Age 25 will be the year I remember most. This year brought me joy, damage, disillusionment, disconnection, love, and inner peace all within ONE year.

After an evening with friends – including my date – things went south, I blacked out and awoke to my male friend next to me and oblivious for a while to what happened.

Three months later my belly is growing and I begin to internally freak out. My impulsive indecision kicked in and when I finally made a choice, the woman on the other end of the line said, “ma’am, we don’t do the procedure that far along – you will have to go to Atlanta.” My heart skipped a beat – I knew what this meant and after my teenage years as a Life Teen participant in church, I saw the work that was done to late term pregnancies. I was not going to be apart of that.

Even at almost four months I hoped, prayed, wished, rain danced for a miscarriage. It didn’t happen.
During my disconnection with my body, I began dating an amazing guy. He was in my eyes perfect for me. I couldn’t tell him I was expecting a child from a rape I couldn’t remember. I didn’t want to lose him. So, I hid – I hid my growing belly for months, mind you he asked questions and I I kept saying, “beer gut.” It was my excuse to anyone who questioned my somewhat over bloated stomach.

My wise younger sister became strongly concerned and one day, as we lived together, just came out and asked, “Are you pregnant?” My gut reaction, “No” pause – “Yes” after discussion she jumped on the phone with multiple adoption agencies. I am forever grateful to her for helping me finalize my decision.

Jump to seven months and my mom sheepishly grazed my dress to fix a bow, then started to feel my stomach and began to ask if I was really constipated. I broke down into tears and told her everything. The first thing she said besides, “we’ll keep it,” to which I replied, “Thank you, but no,” was that I needed to tell my beautiful boyfriend. Oh, God. No!

I packed my bag with intention to head back to the city I lived and returned to his place. I told him, but of course he already knew – he knew because he’s intelligent and he knew me. He was not kicking me out of the door never to return again – instead he embraced me and my belly.
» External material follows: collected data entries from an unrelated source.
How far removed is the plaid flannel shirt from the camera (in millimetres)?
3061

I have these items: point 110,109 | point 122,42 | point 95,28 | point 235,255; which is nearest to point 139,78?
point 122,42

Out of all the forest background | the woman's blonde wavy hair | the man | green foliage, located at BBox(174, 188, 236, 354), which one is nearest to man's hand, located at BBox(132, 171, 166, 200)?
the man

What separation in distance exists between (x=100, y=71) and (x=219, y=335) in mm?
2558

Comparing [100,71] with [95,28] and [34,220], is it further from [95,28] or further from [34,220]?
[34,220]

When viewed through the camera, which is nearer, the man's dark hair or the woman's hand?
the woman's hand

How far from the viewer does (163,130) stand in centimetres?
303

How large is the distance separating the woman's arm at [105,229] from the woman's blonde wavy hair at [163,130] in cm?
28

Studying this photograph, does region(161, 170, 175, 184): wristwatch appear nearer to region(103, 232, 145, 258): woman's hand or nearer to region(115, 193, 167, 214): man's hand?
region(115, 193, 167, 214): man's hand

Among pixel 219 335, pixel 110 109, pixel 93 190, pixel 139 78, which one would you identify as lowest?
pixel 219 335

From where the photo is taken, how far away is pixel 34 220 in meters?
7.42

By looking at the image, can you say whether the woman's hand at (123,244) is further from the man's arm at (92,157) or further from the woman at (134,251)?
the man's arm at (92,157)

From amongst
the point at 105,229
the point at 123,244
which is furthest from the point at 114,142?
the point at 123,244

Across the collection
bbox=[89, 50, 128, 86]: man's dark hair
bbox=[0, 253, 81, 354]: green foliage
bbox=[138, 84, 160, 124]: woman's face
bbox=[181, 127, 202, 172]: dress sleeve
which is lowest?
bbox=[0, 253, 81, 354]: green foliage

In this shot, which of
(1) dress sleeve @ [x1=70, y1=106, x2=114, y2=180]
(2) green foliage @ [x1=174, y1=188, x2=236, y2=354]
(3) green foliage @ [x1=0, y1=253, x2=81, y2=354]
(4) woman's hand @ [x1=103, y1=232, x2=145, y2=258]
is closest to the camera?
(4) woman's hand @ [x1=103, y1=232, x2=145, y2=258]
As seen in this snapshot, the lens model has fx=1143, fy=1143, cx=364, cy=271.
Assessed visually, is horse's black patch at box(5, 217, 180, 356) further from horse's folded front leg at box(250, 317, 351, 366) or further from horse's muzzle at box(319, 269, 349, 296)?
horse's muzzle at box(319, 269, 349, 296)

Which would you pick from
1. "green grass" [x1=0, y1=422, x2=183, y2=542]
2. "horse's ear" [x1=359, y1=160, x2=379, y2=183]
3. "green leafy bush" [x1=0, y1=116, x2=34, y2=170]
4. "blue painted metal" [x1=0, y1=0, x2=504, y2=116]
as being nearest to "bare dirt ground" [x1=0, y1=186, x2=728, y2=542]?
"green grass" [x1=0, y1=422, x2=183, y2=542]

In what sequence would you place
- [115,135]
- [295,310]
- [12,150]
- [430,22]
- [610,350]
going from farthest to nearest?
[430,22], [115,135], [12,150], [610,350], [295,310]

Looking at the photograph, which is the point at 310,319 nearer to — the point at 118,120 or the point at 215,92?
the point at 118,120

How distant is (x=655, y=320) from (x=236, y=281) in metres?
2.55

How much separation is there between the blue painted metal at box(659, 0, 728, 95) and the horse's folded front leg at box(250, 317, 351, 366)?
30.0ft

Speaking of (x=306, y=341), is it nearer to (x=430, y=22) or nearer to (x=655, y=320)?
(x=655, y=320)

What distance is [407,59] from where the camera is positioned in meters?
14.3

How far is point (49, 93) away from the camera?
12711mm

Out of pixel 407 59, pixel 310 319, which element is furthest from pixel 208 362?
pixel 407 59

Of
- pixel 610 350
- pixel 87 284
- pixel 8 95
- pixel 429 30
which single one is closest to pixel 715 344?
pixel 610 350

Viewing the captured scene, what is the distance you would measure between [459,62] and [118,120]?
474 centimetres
He stayed by my side throughout the birth and to this day. I love him madly – wise decisions and all.

At seven months after telling everyone, I finally saw a doctor. Yes, I indecisively lived with the pregnancy without advice from any medical professional – I played tennis, I ran, I tubed, I swam, I moved (all with the intention of a miscarriage). My doctor, who was incredibly accepting, offered a list of families – she chose one and I muttered I wanted a closed adoption swift and quick.

After returning to work I told everyone for I felt free now. Quickly, I began to hear stories of adoption gone right and gone wrong. I learned how I was to be taken care of from a family to ensure the babies health. I was not experiencing any of this at the time. Again, unable to make up my mind and unable to meet with the family to ensure a bright future, I found another family. This one fit perfectly and from closed the adoption went to open. As an open adoption I felt more love behind it – I was apart of this entire experience instead of just a piece of it.

Jump ahead years later and to this day I am still happy with my (in) decisions. A baby is happy and home and I am happy knowing this. I reconnected with my self simply by accepting this fact – I am whole, I am enough, I am happy + she is healthy, alive, and happy.